Saturday 10th February 2018
quotequote all
It's still pretty decent after 7pm, until then it's just music designed to be played out of phones round the back of spar whilst you drink a litre of white cider

oilbethere

908 posts

81 months

Saturday 10th February 2018
quotequote all
It went down hill after they launched the racist 1Xtra station, no one was listening to it even the target audience.
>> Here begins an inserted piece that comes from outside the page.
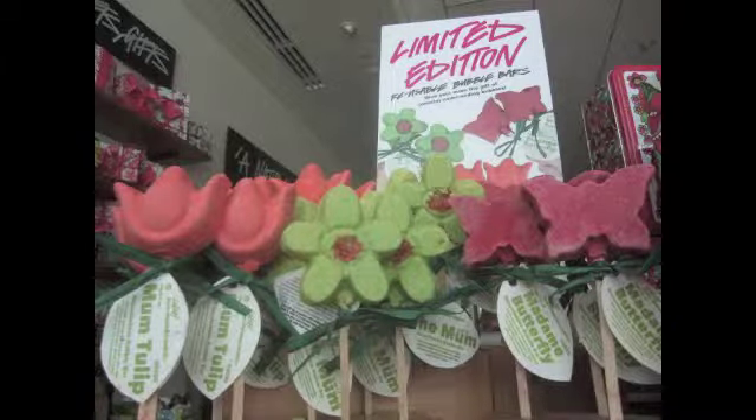You just swish these in the water in your bathtub — it's a reusable bouquet of flowers. You can just pat it dry after each use and use it for next time.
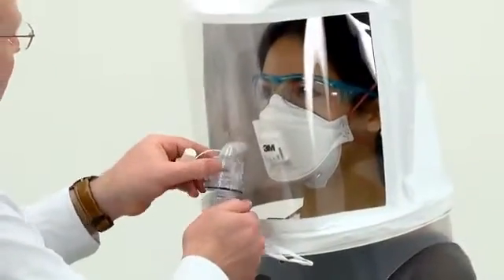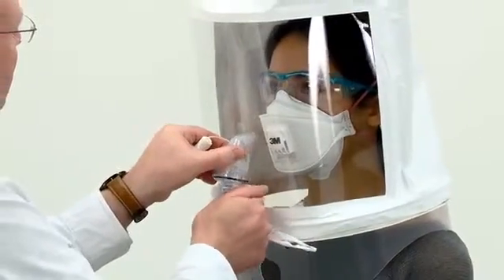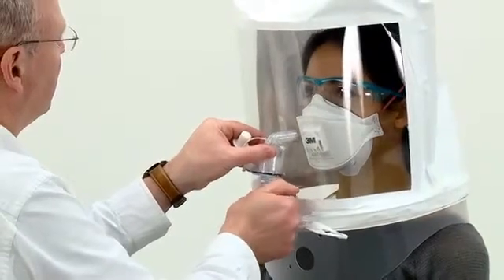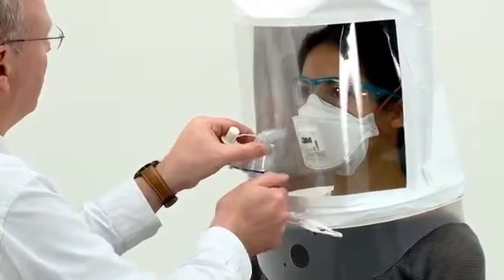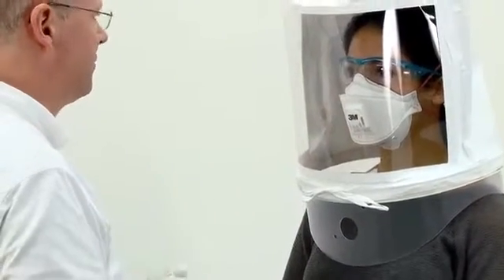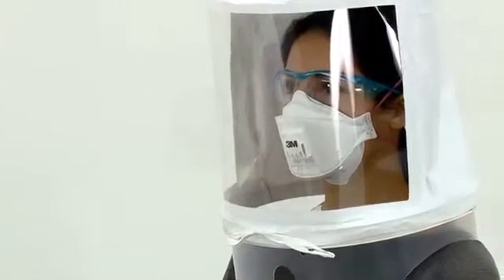Using the fit test nebuliser, inject the fit test solution into the hood. Use the number of squeezes defined by the sensitivity test, i.e. 10, 20 or 30. The nebuliser must be held in an upright position to ensure correct mist generation. For the first of the 7 exercises, ask the subject to breathe normally and start a stopwatch or note the time on the second hand of your watch.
They then decided to push the 1xtra DJ's and "black"? music onto radio 1.

Danny Howard used to be really good on a Saturday afternoon, Mr Jam is on now and plays a lot of garage. fk that st.

MrBarry123

6,027 posts

121 months

Saturday 10th February 2018
quotequote all
I like Ramz, J Hus and Not3s.

getmecoat

Perhaps strangely, I only listen to Radio 4 (Today, You and Yours, The World at One and PM) however 75% of my music collection must consist of music which is similar to the songs you reference.

227bhp

10,203 posts

128 months

Saturday 10th February 2018
quotequote all
30 was the turning point for me I think, I must have matured quicker than you. wink

Welshbeef

49,633 posts

198 months

Saturday 10th February 2018
quotequote all
Ring ring pon the hands free
Piff ting called Ashanti
I zing zing like the grand prix
She fling fling off the panties
And them tings extra fancy



Op your comprehension skills are low if you cannot work out what the above is supposed to mean.


He gets a call while on the car
It’s from this super hot babe Ashanti
It’s on so he floors it round to hers.
They get it on she rips off those panties
Then bones her in the anus

TobyLerone

1,128 posts

144 months

Saturday 10th February 2018
quotequote all
Welshbeef said:
Then bones her in the anus
biglaugh

mike74

3,687 posts

132 months

Saturday 10th February 2018
quotequote all
Forty something and you've only just come to the conclusion that you're too old for Radio 1?


Welshbeef

49,633 posts

198 months

Saturday 10th February 2018
quotequote all
TobyLerone said:
Welshbeef said:
Then bones her in the anus
biglaugh
Loll yes forgot I wrote that 😉

Badvok

Original Poster:

1,867 posts

167 months

Saturday 10th February 2018
quotequote all
Welshbeef said:
Then bones her in the anus
And the other lyrics?

And the mandem got it crackin' again = bone her in the anus?
But I love how your ass be clappin' = bone her in the anus?
Don't raise their yout but they will raise the suttin' = bone her in the anus?